- [Exercise description]: Nothing should appear in the answer except the lines from the one with "Buy Young Gun" through the end of the listing below, transcribed exactly and without pictures.

- [The data]:
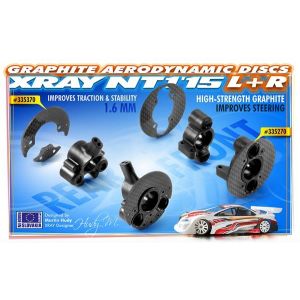 GRAPHITE REAR AERODYNAMIC DIS C 1.6MM - LEFT+RIGHT - SET, X335370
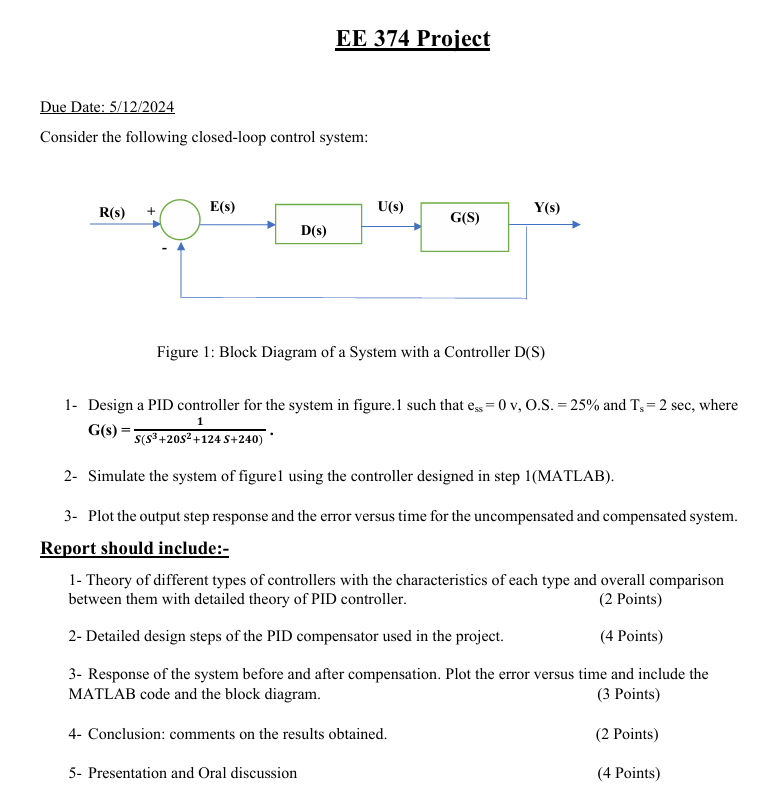 Due Date: 5 / 1 2 / 2 0 2 4 Consider the
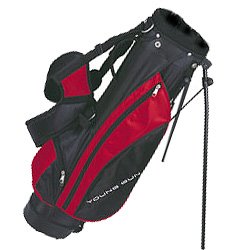 Buy Young Gun RED Junior Stand bag with Rain Hood by Young Gun now!
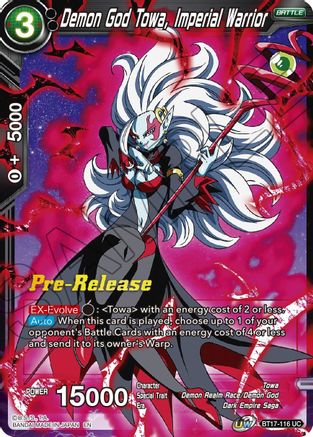 Demon God Towa, Imperial Warrior (BT17-116) - Ultimate Squad PreRelease Cards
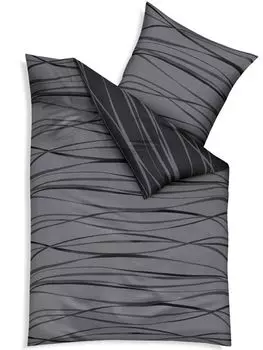 Постельное белье Kaeppel Biber 155х220 см Motion 58479 олово антрацит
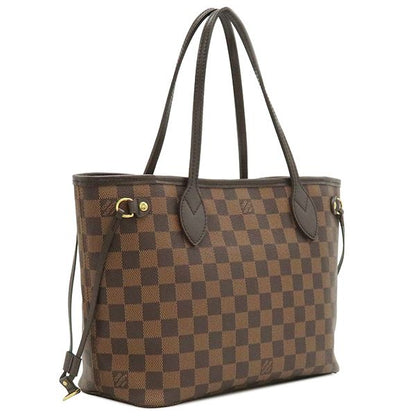 Louis Vuitton Tote Bag Neverfull PM Damier Canvas Damier Ebene Gold Hardware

- [Response area]:
 Buy Young Gun RED Junior Stand bag with Rain Hood by Young Gun now!
 Demon God Towa, Imperial Warrior (BT17-116) - Ultimate Squad PreRelease Cards
 Постельное белье Kaeppel Biber 155х220 см Motion 58479 олово антрацит
 Louis Vuitton Tote Bag Neverfull PM Damier Canvas Damier Ebene Gold Hardware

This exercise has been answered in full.